→ **Stored data**
↓↓↓
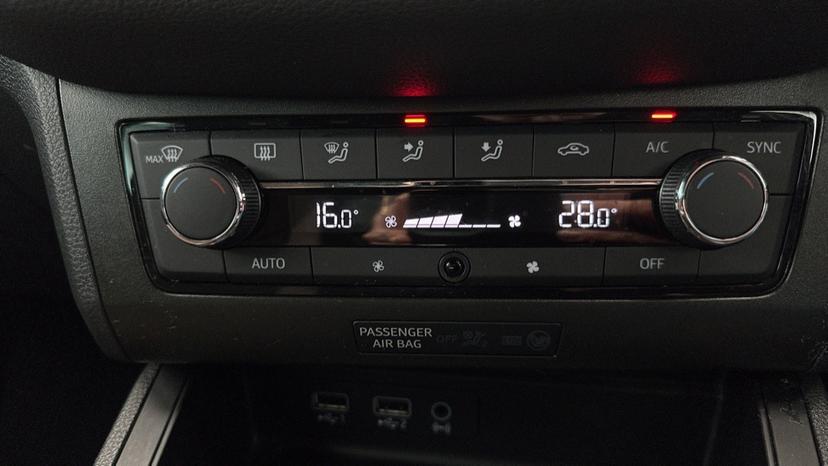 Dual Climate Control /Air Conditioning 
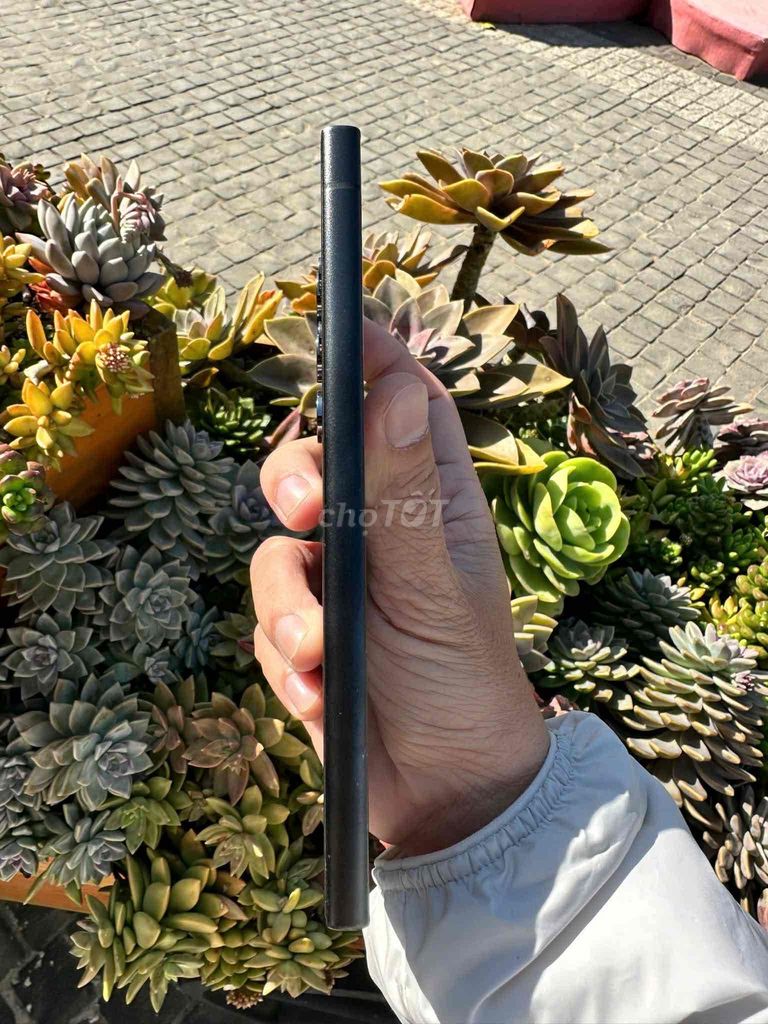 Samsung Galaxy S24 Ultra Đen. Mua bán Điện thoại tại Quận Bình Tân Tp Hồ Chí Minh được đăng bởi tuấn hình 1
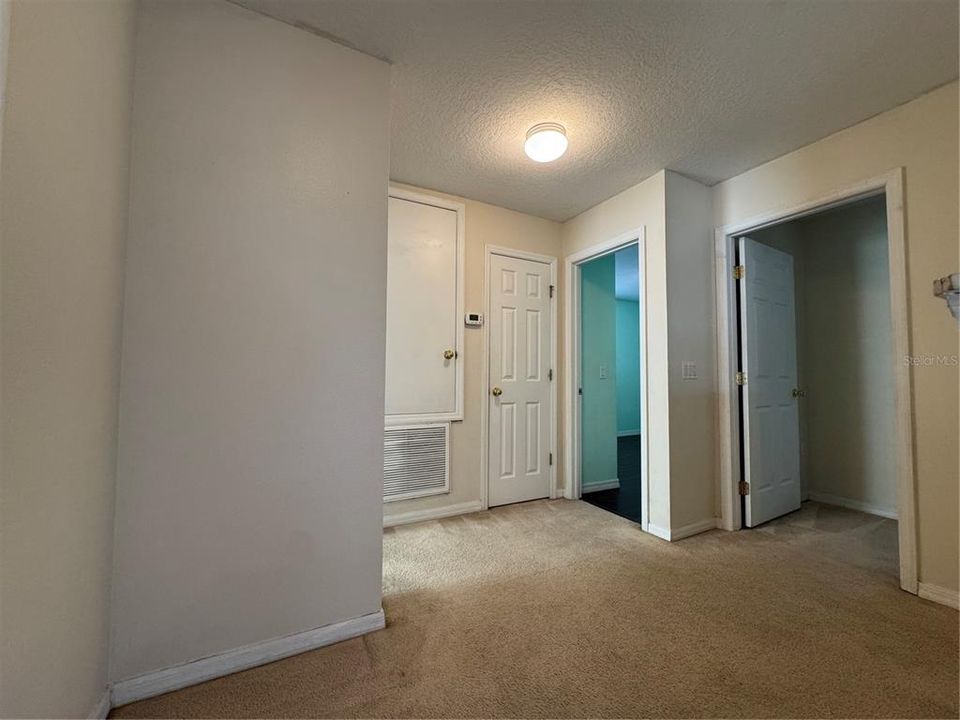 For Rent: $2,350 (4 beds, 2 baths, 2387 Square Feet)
↑↑↑
→ **What you have to do**
Transcribe all the material exactly; skip every image.

→ **Output**
 Dual Climate Control /Air Conditioning 
 Samsung Galaxy S24 Ultra Đen. Mua bán Điện thoại tại Quận Bình Tân Tp Hồ Chí Minh được đăng bởi tuấn hình 1
 For Rent: $2,350 (4 beds, 2 baths, 2387 Square Feet)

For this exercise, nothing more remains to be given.